**What this task involves:** Go to the line with "Ben Archer TV (@benarcher87)’s" in the material below and copy from there through the line with "UNITRONICS UAG-CX-XKP300", exactly. Pictures are not copied.
── Materials provided ──
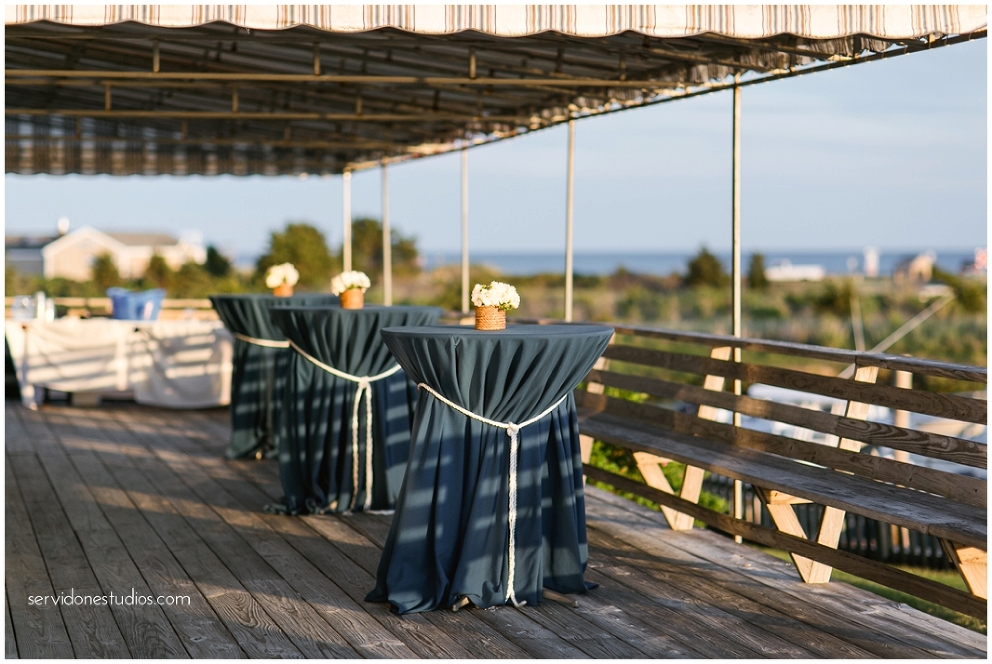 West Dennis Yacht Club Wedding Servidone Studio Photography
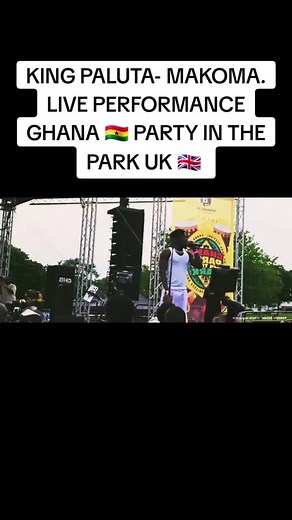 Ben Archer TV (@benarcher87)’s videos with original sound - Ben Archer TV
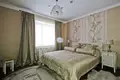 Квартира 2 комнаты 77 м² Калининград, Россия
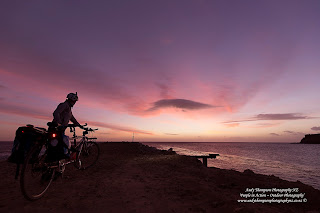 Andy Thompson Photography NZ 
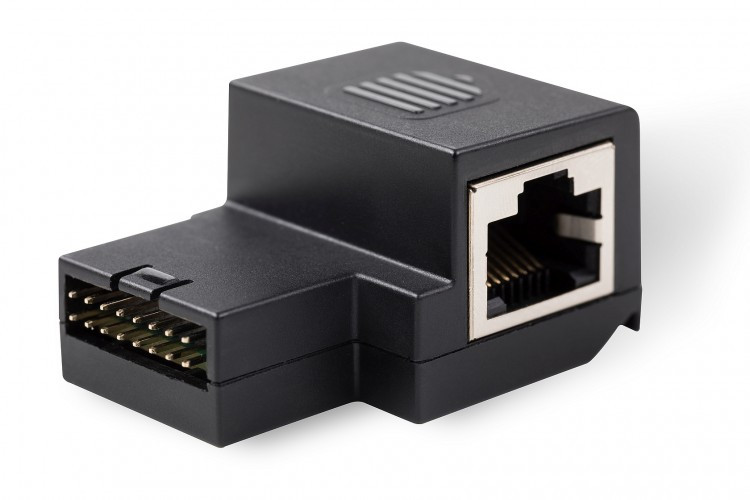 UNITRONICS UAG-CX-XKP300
───
── Materials provided ──
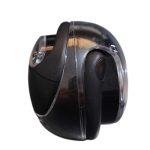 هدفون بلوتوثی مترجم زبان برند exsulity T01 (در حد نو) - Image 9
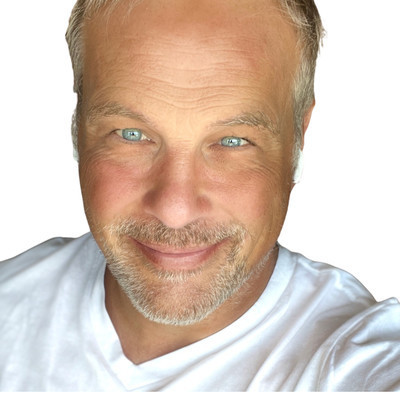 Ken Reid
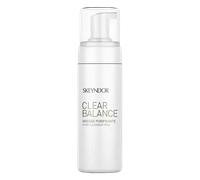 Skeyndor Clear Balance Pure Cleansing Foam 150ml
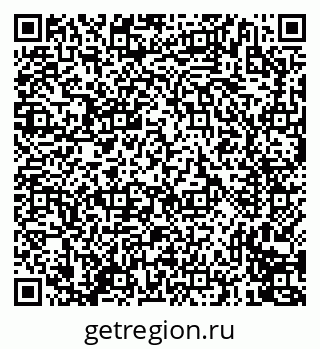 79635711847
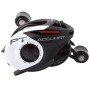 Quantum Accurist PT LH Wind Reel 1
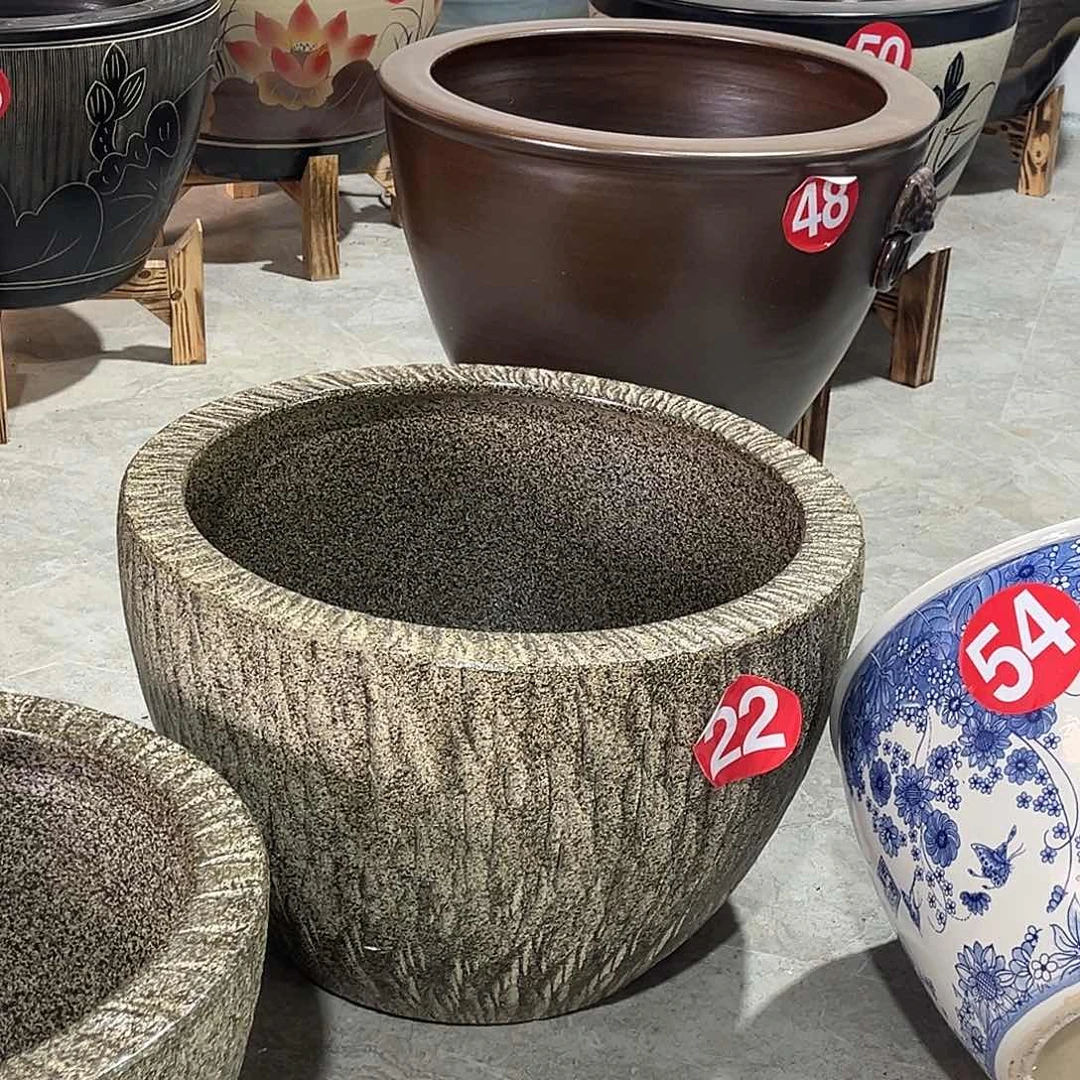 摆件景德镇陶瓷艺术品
───
**Response for this exercise:**
 Ben Archer TV (@benarcher87)’s videos with original sound - Ben Archer TV
 Квартира 2 комнаты 77 м² Калининград, Россия
 Andy Thompson Photography NZ 
 UNITRONICS UAG-CX-XKP300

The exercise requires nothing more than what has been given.